**** RECORD SET ****

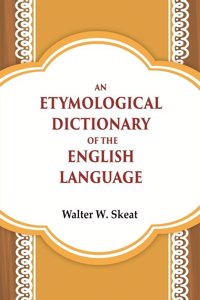 An Etymological Dictionary of the English Language [Hardcover]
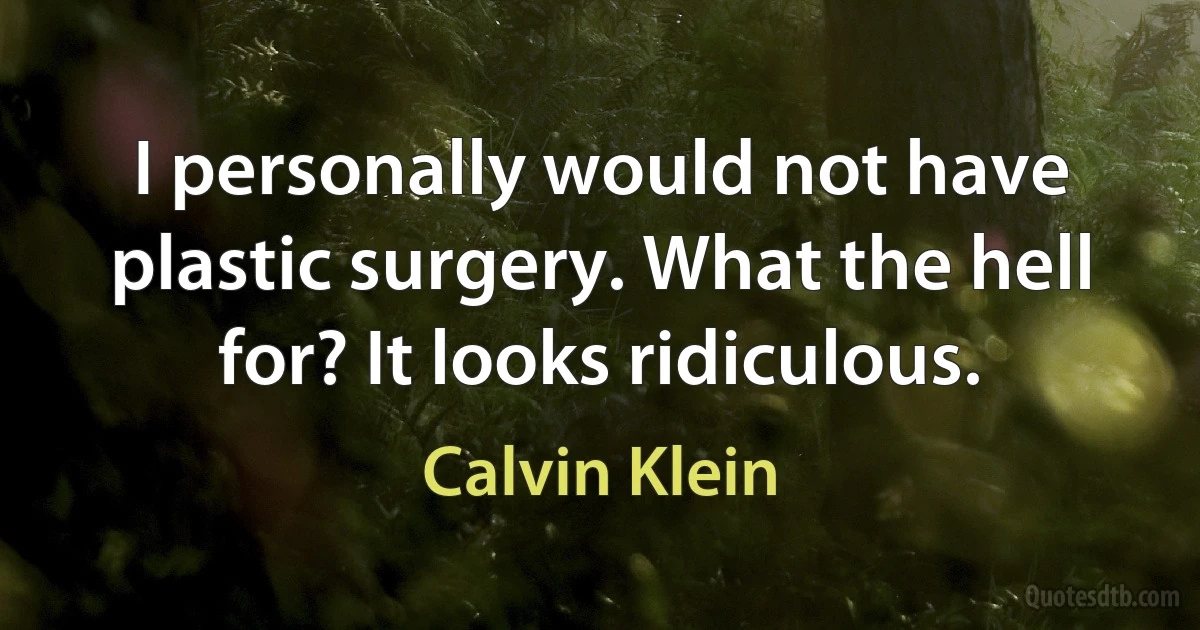 I personally would not have plastic surgery. What the hell for? It looks ridiculous. (Calvin Klein)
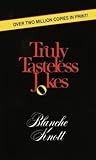 Truly Tasteless J...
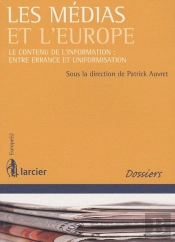 Les Médias Et L'Europe ; Le Contenu De L'Information : Entre Errance Et Uniformisation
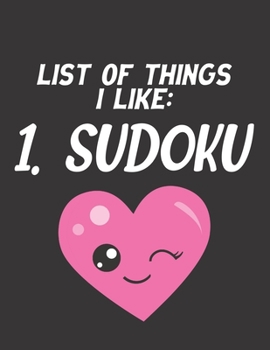 Paperback List of Things I Like: 1. Sudoku: 100 Easy Puzzles Large Print [Large Print] Book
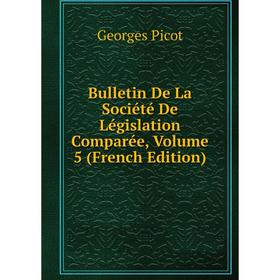 

Книга Bulletin De La Société De Législation Comparée, Volume 5 (French Edition)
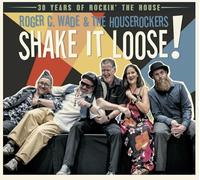 Roger C. Wade & the Houserockers - Shake It Loose!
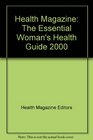 Health Magazine The Essential Woman's Health Guide 2000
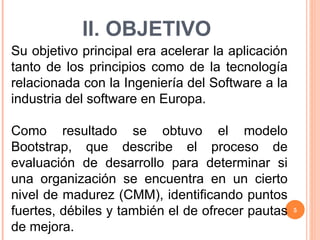 II. OBJETIVO Su objetivo principal era acelerar la aplicación tanto de los principios como de la tecnología relacionada con la Ingeniería del Software a la industria del software en Europa. Como resultado se obtuvo el modelo Bootstrap, que describe el proceso de evaluación de desarrollo para determinar si una organización se encuentra en un cierto nivel de madurez (CMM), identificando puntos fuertes, débiles y también el de ofrecer pautas de mejora. 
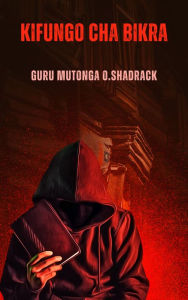 Title: Kifungo Cha Bikra, Author: Guru Mutonga O. Shadrack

****

→ PROBLEM DETAILS
What is needed is every record above, returned exactly, with the pictures omitted.

→ YOUR SOLUTION
 An Etymological Dictionary of the English Language [Hardcover]
 I personally would not have plastic surgery. What the hell for? It looks ridiculous. (Calvin Klein)
 Truly Tasteless J...
 Les Médias Et L'Europe ; Le Contenu De L'Information : Entre Errance Et Uniformisation
 Paperback List of Things I Like: 1. Sudoku: 100 Easy Puzzles Large Print [Large Print] Book

Книга Bulletin De La Société De Législation Comparée, Volume 5 (French Edition)
 Roger C. Wade & the Houserockers - Shake It Loose!
 Health Magazine The Essential Woman's Health Guide 2000
 II. OBJETIVO Su objetivo principal era acelerar la aplicación tanto de los principios como de la tecnología relacionada con la Ingeniería del Software a la industria del software en Europa. Como resultado se obtuvo el modelo Bootstrap, que describe el proceso de evaluación de desarrollo para determinar si una organización se encuentra en un cierto nivel de madurez (CMM), identificando puntos fuertes, débiles y también el de ofrecer pautas de mejora. 
 Title: Kifungo Cha Bikra, Author: Guru Mutonga O. Shadrack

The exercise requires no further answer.